A caller of the API after that update would do more like
static struct git_attr_check *ccheck;
if (!ccheck)
ccheck = git_attr_check_initl(...);
git_attr_check(path, ccheck);
for (i = 0; i < NUM_ATTRS; i++)
if (ccheck->check[i].value == ATTR_UNSET)
... do the Unset thing ...
This however is not thread-safe for obvious two reasons.
* Two threads can simultanously enter this section of the code and
end up initializing ccheck twice;
* Even though ccheck[].attr are constant for the purpose of this
codepath (i.e. all threads passing through are interested in
checking the same set of attributes), ccheck[].value fields
cannot be shared across simultaneous threads like the above
snippet does.
So it appears that the final API visible from the callers needs to
be updated further, perhaps something like:
static struct git_attr_check *ccheck;
const char *values[NUM_ATTRS];
git_attr_check_initl(&ccheck, "crlf", "ident", ..., NULL);
git_attr_check(path, ccheck, values);
where git_attr_check_initl() would do the "if ccheck is NULL then
initialize it to an instance" atomically in threading environment,
and git_attr_check() returns its finding to values[] array the
calling thread exclusively owns, while sharing the input ccheck
and the list of attributes the call inquires among threads.
Also unlike the earlier plan, attr_stack aka "where in the directory
hierarchy are we asking attributes for?" will not be stored directly
in git_attr_check structure. It is likely that a thread-local
structure will be introduced hidden behind this API (i.e. the
callers do not have to be aware of it), and attr_stack will be
registered in this thread-local structure keyed by &ccheck, so that
<thread, callsite> pair can have attr_stack instance of its own.

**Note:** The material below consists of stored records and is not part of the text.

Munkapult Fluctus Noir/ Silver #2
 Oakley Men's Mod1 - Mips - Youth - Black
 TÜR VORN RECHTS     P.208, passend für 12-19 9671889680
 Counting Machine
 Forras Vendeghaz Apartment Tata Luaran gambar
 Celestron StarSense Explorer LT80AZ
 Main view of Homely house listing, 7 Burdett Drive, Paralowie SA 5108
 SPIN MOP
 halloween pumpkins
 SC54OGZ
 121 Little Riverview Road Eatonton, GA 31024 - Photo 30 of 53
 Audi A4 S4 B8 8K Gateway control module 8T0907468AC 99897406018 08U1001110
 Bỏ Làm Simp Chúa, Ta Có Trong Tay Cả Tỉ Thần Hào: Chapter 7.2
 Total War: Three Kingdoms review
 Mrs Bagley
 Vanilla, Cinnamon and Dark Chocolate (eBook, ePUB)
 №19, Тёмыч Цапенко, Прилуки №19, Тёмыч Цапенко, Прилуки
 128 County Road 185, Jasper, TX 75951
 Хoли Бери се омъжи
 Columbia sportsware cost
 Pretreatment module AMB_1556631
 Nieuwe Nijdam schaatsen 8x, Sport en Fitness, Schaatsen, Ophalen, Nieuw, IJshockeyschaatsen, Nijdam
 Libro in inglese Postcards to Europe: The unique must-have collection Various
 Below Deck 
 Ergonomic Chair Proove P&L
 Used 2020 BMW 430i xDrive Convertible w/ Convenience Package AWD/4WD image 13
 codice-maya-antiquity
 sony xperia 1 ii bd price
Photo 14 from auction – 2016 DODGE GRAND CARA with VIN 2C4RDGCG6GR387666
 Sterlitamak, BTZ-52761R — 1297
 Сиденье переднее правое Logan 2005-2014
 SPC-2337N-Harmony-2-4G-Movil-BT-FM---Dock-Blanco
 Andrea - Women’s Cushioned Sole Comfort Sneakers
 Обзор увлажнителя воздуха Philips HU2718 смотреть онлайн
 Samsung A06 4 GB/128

This is because a single attr_stack per ccheck will not work as an
optimization mechanism when multi-threaded. Two threads may be
running the same convert() function, and they may be interested in
the same set of attributes (e.g. "crlf", "ident", etc.) but they
will be working on different parts of the tree, so having attr_stack
per <thread, callsite> would make more sense.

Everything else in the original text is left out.